Scraped caption text data
++++

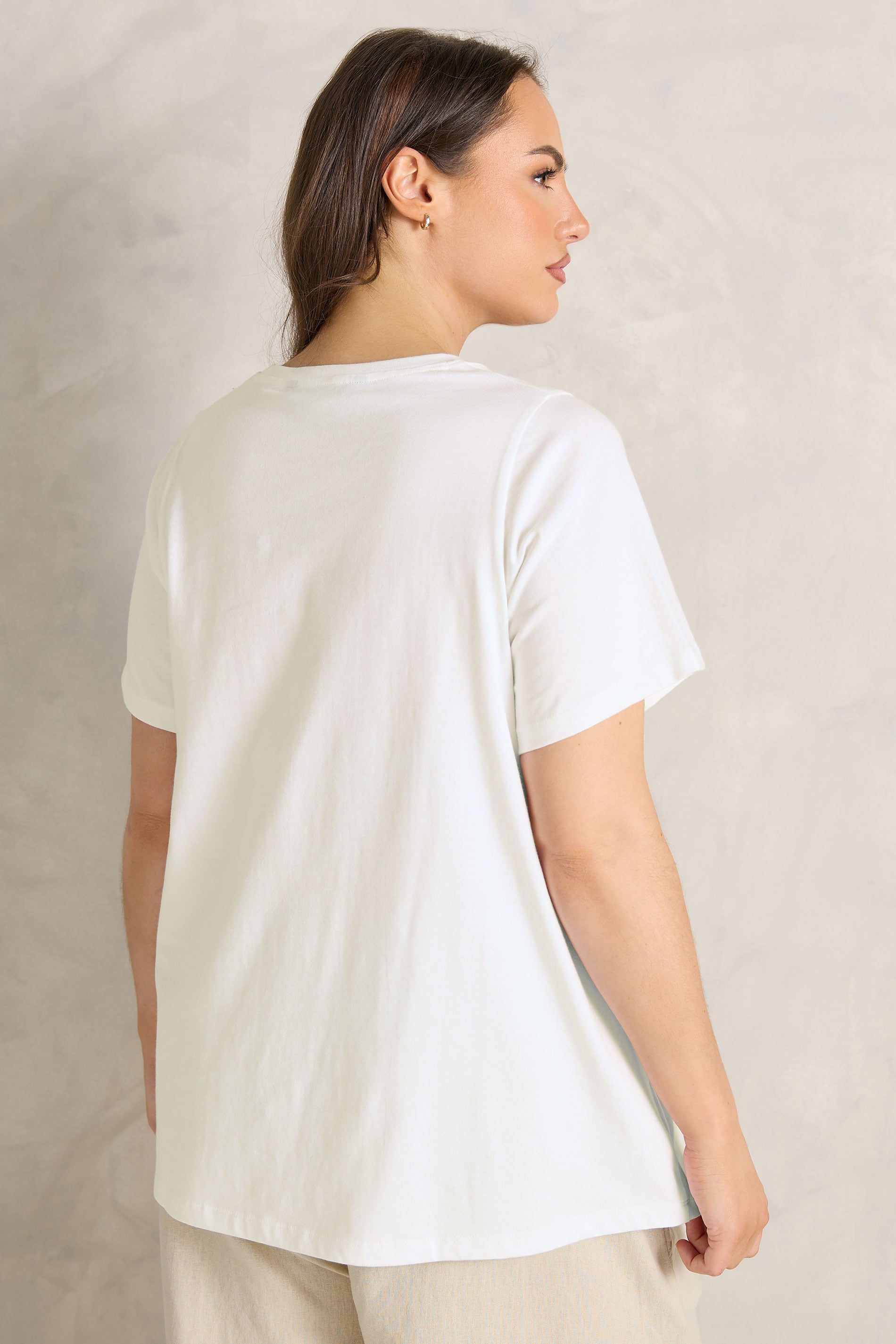 EVANS Plus Size White Beaded Flower T-Shirt | Evans 4
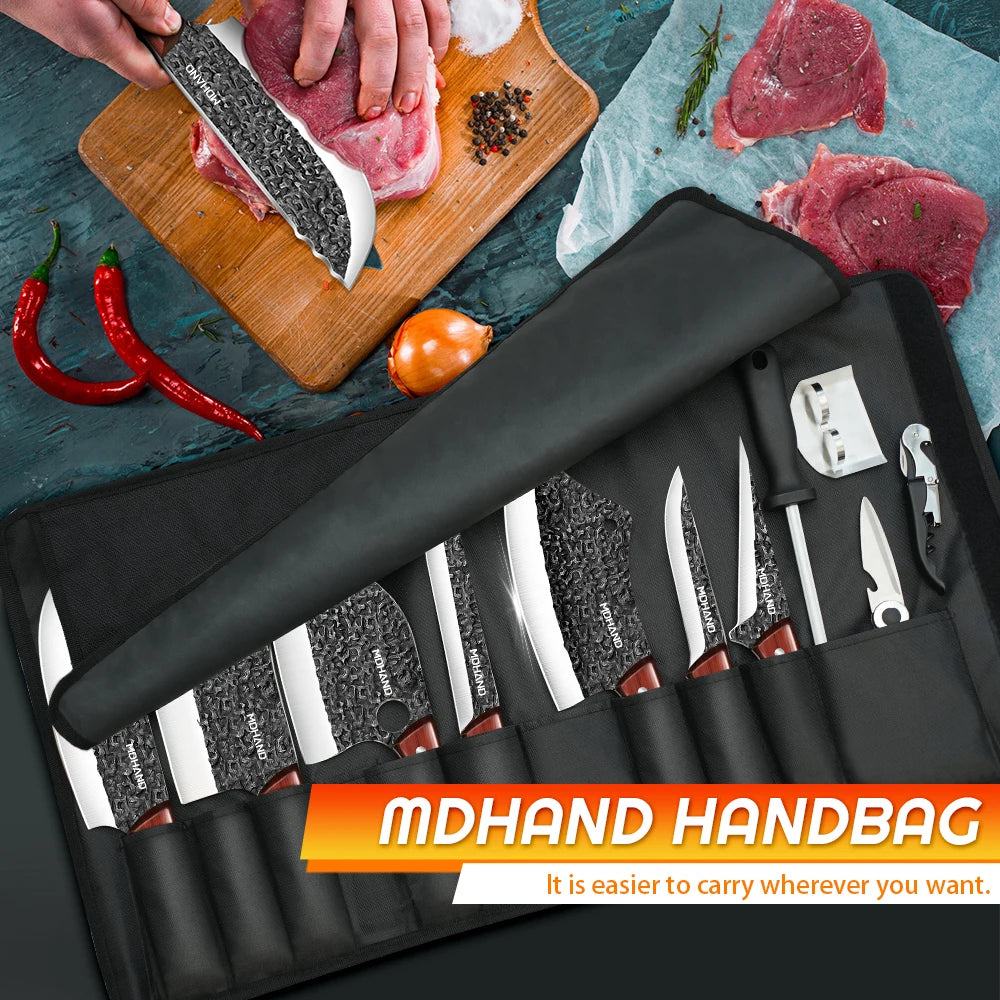 14 Piece Hand Forged Butcher Knife Set With Roll Bag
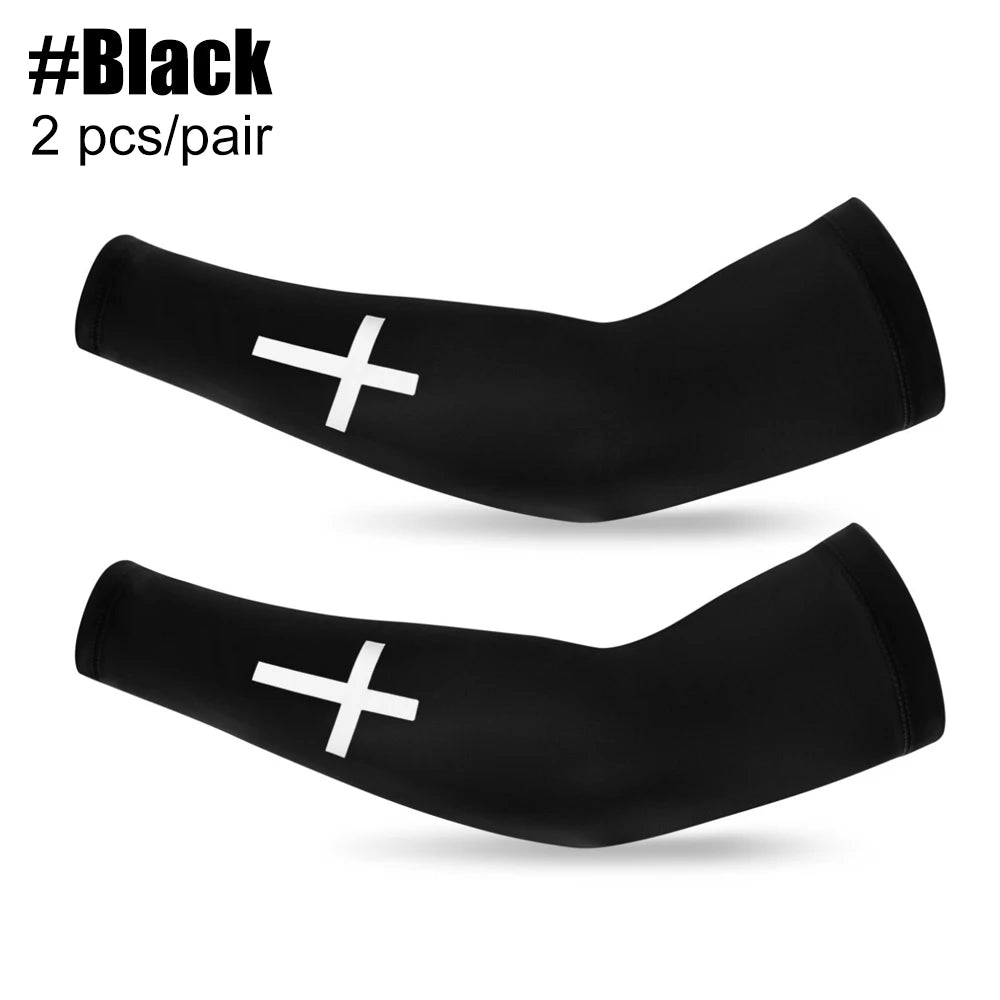 1Pair Cross UV Cooling Arm Sleeve Christian Compression Arm Sleeve Youth Football Baseball Volleyball Sports Cycling Working
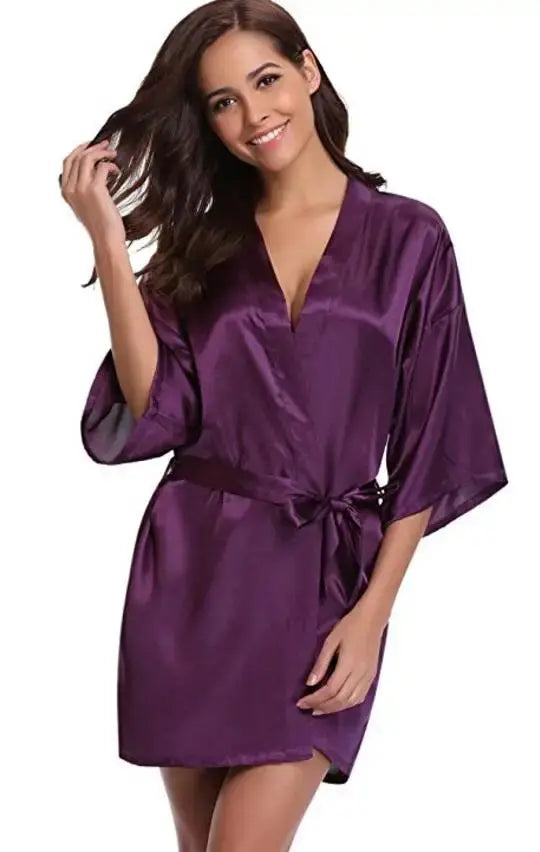 RB032 2018 New Silk Kimono Robe Bathrobe Women Silk Bridesmaid Robes Sexy Navy Blue Robes Satin Robe Ladies Dressing Gowns Chic Le'Meek
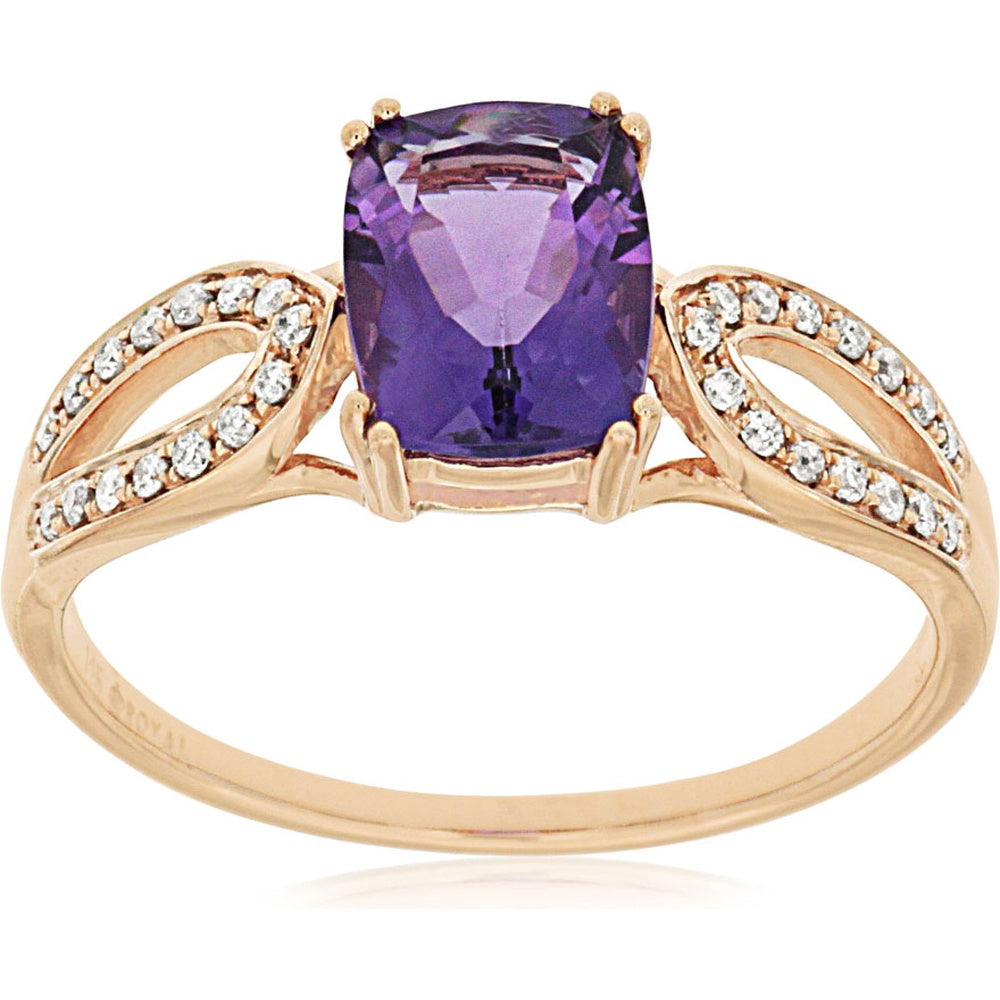 14K Rose Gold Contemporary Split Shank Ring with 1.30 Carat Cushion Cut Amethyst and 0.12 Carat Round Diamond Accents - Royal Jewelry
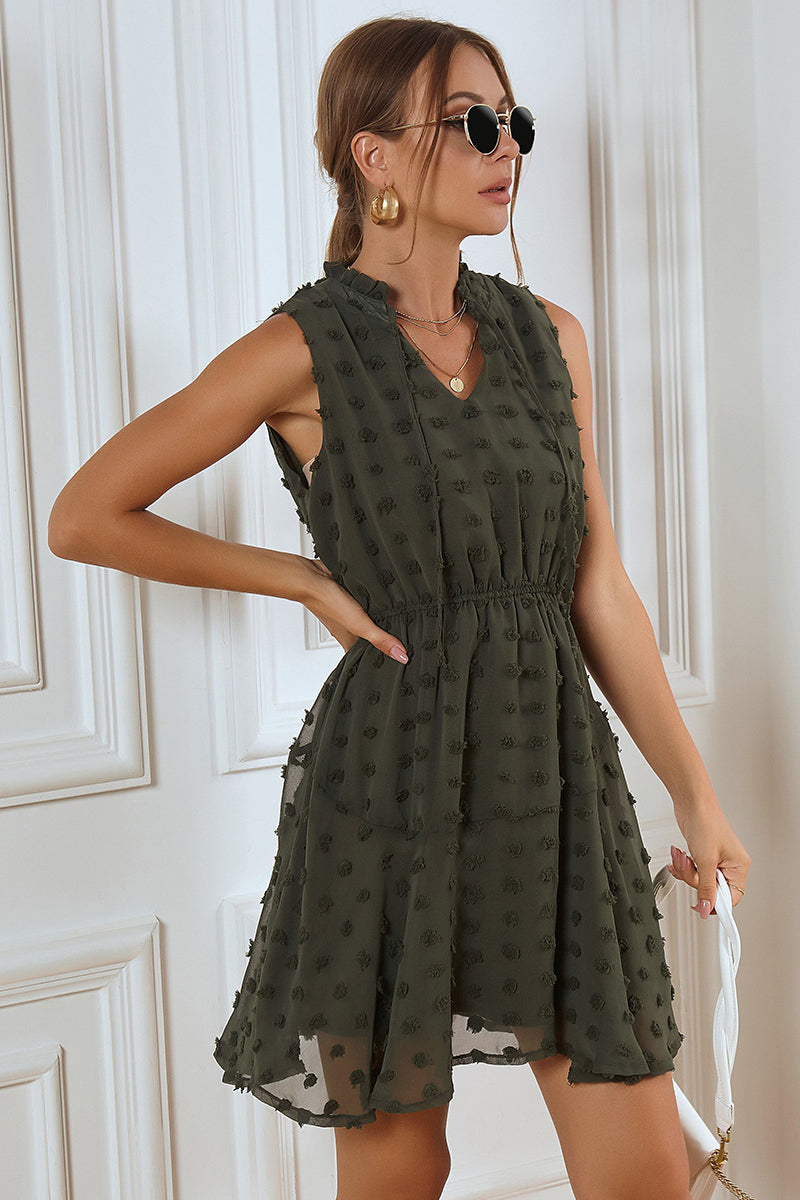 Sleeveless Pom Pom Layered Dress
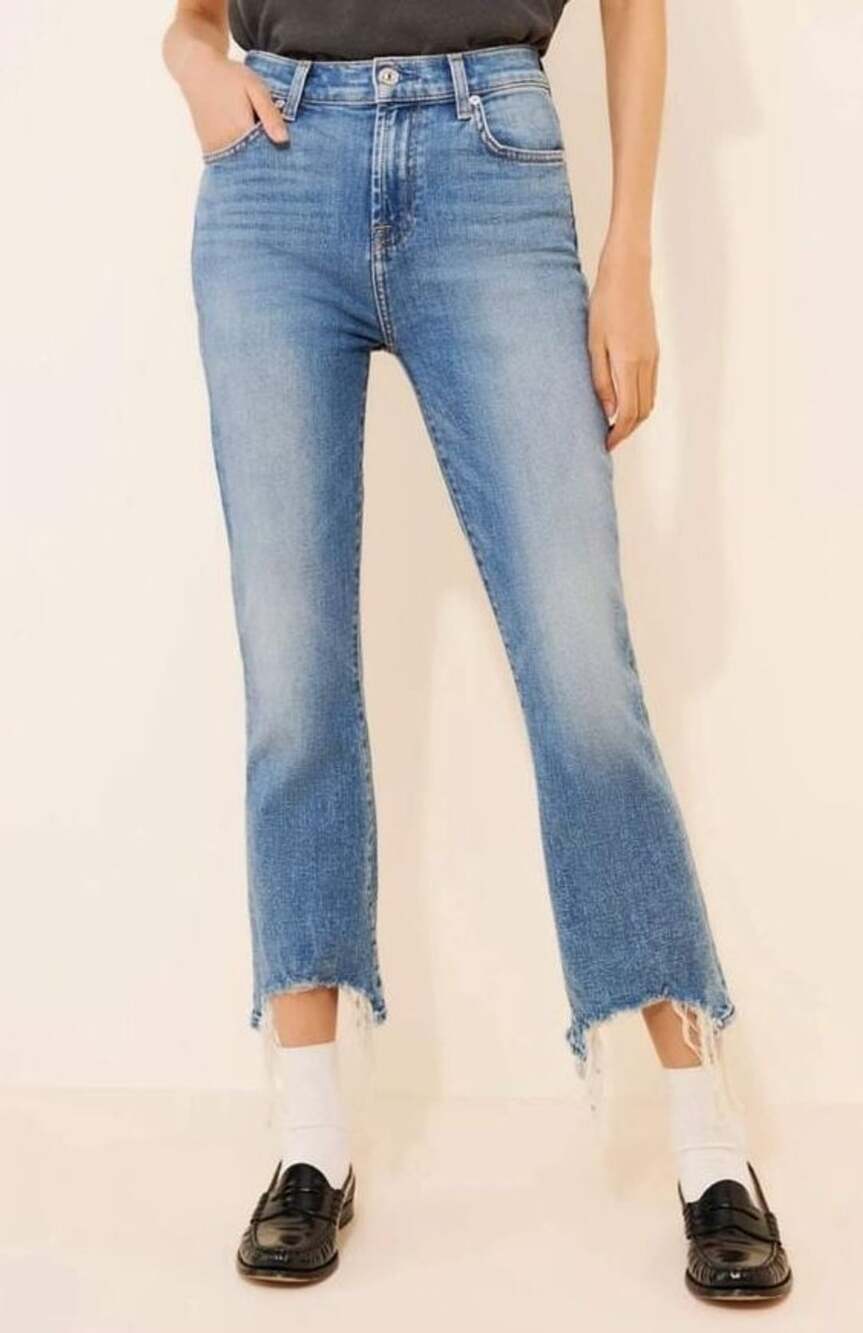 7 For All Mankind High Waisted Slim Kick Jeans Blue Denim Size 32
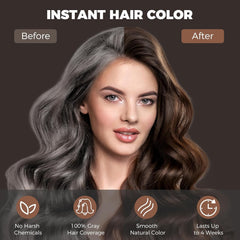 YOURTONE Dark Brown application waits 20–25 minutes for vibrant gray coverage.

++++

Exercise:
Give the data above again, exactly, with every picture removed.

Reply to the task:
 EVANS Plus Size White Beaded Flower T-Shirt | Evans 4
 14 Piece Hand Forged Butcher Knife Set With Roll Bag
 1Pair Cross UV Cooling Arm Sleeve Christian Compression Arm Sleeve Youth Football Baseball Volleyball Sports Cycling Working
 RB032 2018 New Silk Kimono Robe Bathrobe Women Silk Bridesmaid Robes Sexy Navy Blue Robes Satin Robe Ladies Dressing Gowns Chic Le'Meek
 14K Rose Gold Contemporary Split Shank Ring with 1.30 Carat Cushion Cut Amethyst and 0.12 Carat Round Diamond Accents - Royal Jewelry
 Sleeveless Pom Pom Layered Dress
 7 For All Mankind High Waisted Slim Kick Jeans Blue Denim Size 32
 YOURTONE Dark Brown application waits 20–25 minutes for vibrant gray coverage.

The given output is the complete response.